No. I did not “know that was going to happen” at that exact moment. I know that it will happen 10% of the time over a sufficiently large sample, and that’s all I can ever know.
This is a good response to “surprise”, like the surprise of my opponent’s 2 outer spiking the river, because it’s very disheartening for a puny human mind to admit that we have no control over the future. Although we can anticipate a possible set of outcomes from the position we are in, (applicable to life and poker) we cannot say exactly what will happen, so the sense of “creeping determinism” is a nice psychological analgesic to the pain of not always being master of our own immediate destiny.
This bias is dangerous to my poker game because it supports my Negativity Bias in the impression that I can predict the outcome of the cards, which no poker player can do (thankfully) and will cause me to make increasingly poor decisions.
There are many potential cognitive biases, and I am sure more than I have identified are affecting my poker game in more ways than I could ever understand. What I have learned is that when I’m studying poker, it’s not just maths and game theory that I need to examine; poker is a psychological game, and understanding even a small part of my own brain and its many clever operations will always be helpful.
I know some players, probably very few, will find the idea of their brain playing these tricks on them quite alien; there are people who are so coldly and brilliantly logical, they were meant to be the best poker players in the world.

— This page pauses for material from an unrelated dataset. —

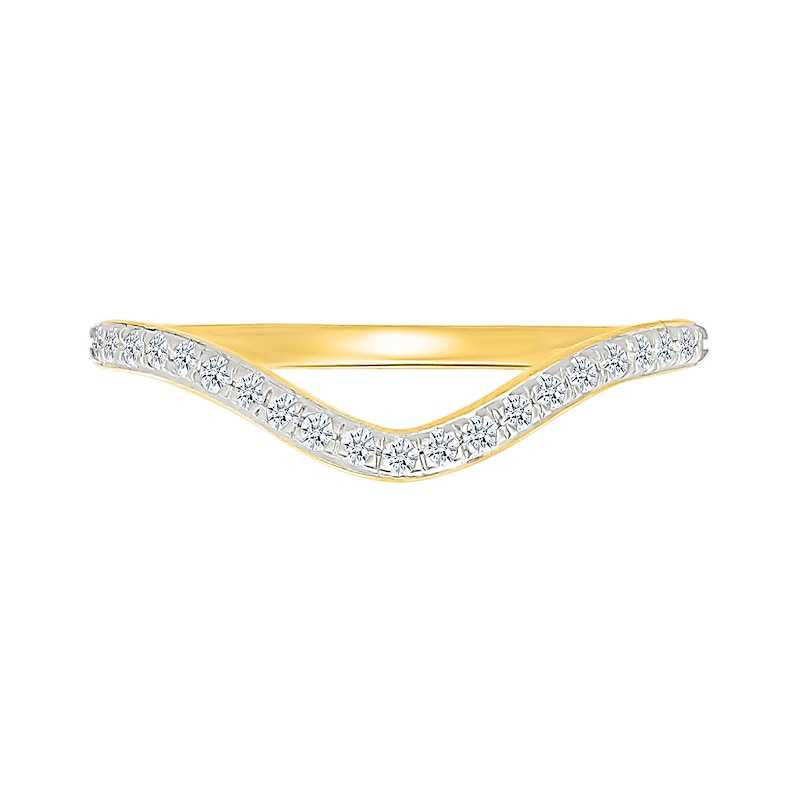 Main Image 5 of 1.23 CT. T.W. Oval-Shaped Multi-Diamond Swirl Frame Triple Row Shank Bridal Set in 10K Gold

I’m not one of them, and as a result, I have skills that people like that will no-doubt envy in other areas of life. I can work to re-train my brain for better use at the poker table, and enjoy the fact that not all poker study has to involve wading through pages of equations that make my eyes bleed.
Once I understand the tricks of my brain, I can stop being fooled by them so often, and the more control I have over my monkey brain, the better my game and my win rate will be; at least I know that when it comes to poker, facts beat feels every single time.